Originally Posted by eugenebrooks

If one motor is over driven by the other, it becomes a generator, in effect and saps power from the drive train to backfeed electrical
power in into the robots electrical system. This is easily demonstrated
by turning a motor by hand and watching the leds on robot control system.
You will see them light up.

If the over driven motor is sapping power from the mechanical drive
train, it is taking up power that would otherwise move the robot forward,
hence the loss in efficiency.

Since I asked this question, I've taken a class at Purdue that dove into DC motor information. What you're saying is mostly correct. At the time, I was specificly looking for how to find the back-emf constant, that is, relating the amount of power loss quanitatively to RPM. I've come to discover that these coefficients are usually listed within motor specs from the manufacturer, and is essentially the torque constant for most of the motors that we'd see in FIRST.

Thanks for answering the question, though.

Matt

[pryoplasm]

ok, a few things, i dont know the exact stuff for what my team did this year because i specialized on the electrical stuff rather than the mechanical side, but i can give a rough idea of what we did

we designed and made our own gearboxes, with different reductions for the drill and the CIMs. not sure what the exact ratio is. also, a heads up, unless the drills/CIMs are mounted in the same direction (ie. both facing left) then one will have to run in reverse, which isnt the same as the high speed for the forward drill.

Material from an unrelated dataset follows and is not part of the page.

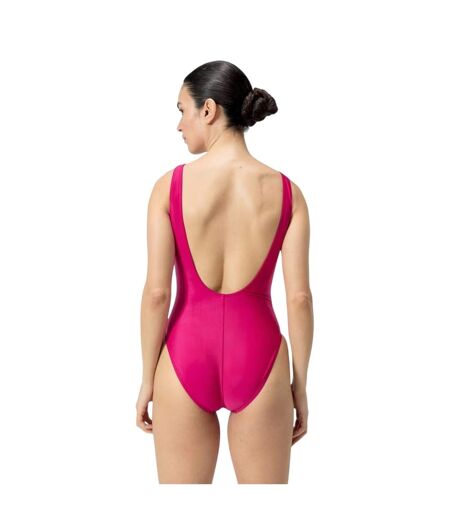 Maillot De Bain 1 Pièce Motif/style Logo Femme Violet Bleu Speedo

also, if you only want to use 2 motors for the entire drivetrain, its possible for tankdrive. we did that, oh, maybe 3 years ago, the game with the ramp that could tip back and forth.., used 2 drills in what i can only incorrectly describe as a figure 8 looking thing, with 2 drills in the middle of each side, 2 chains going to the front and back wheels. we also had a sweet transmission that could pop a pin and slide around in neutral, but that belongs in a different thread.

hope this helped

[Ryan F.]

Heres the simple method we used that worked just fine. We used the drill motors with the FIRST supplied grearboxes, and just stuck those on the front. For the CIM's we designed a simple gearbox with a relatively simular output speed, and just chained the two drive shafts together. All the gearbox consisted of was a 12 tooth gear right on the CIM moror, that lead to a 60 tooth on an idler shaft which also contained a 16 tooth gear. That 16 tooth gear was then meshed with a 70 tooth gear on the output shaft. It turned out running well for us, but the CIM's might have been running a little too fast, so if I used a concept like this again, I would change the gears around a little to acquire a slower output speed.

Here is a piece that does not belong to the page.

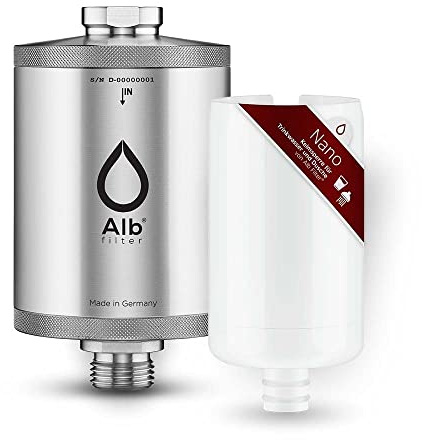 Alb Filter DUO NANO Wasserfilter Wasserhahn Edelstahl Natur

Here's a crude diogram of out Gearbox

CIM MOTOR ---12 tooth gear
.......................60 tooth gear----------16 tooth gear
.................................................. ......70 tooth gear--wheel!

Simple is good.

[Matt Adams]

Quote:

Originally Posted by rforystek

It turned out running well for us, but the CIM's might have been running a little too fast, so if I used a concept like this again, I would change the gears around a little to acquire a slower output speed.

Here's a crude diogram of out Gearbox

CIM MOTOR ---12 tooth gear
.......................60 tooth gear----------16 tooth gear
.................................................. ......70 tooth gear--wheel!

In general, I've found it much more efficient to combine a pair of motors, and then run this combined set out via some sprockets to the wheels. This ensures that one wheel won't ever try to run a bit faster than the others. If you try to run them individually, your motor torque and speed outputs vary as the speed of your robot changes. Fortunately, the Chips and Drills happen to have roughly the same trip points when matched at free speed, which is why I'd imagine a lot of people don't notice it.

Matt

[Gamer930]

What our team (Team 930) did was discussed on Thread 25012 It gives a lot of information from the people that actually designed it and picture. It also has very little custom parts.

That system work very well (Never had any problems with it).
Running both motors backwards they are almost the exact same RPM.
Going forward you have to make some programming adjustments to get the RPM close.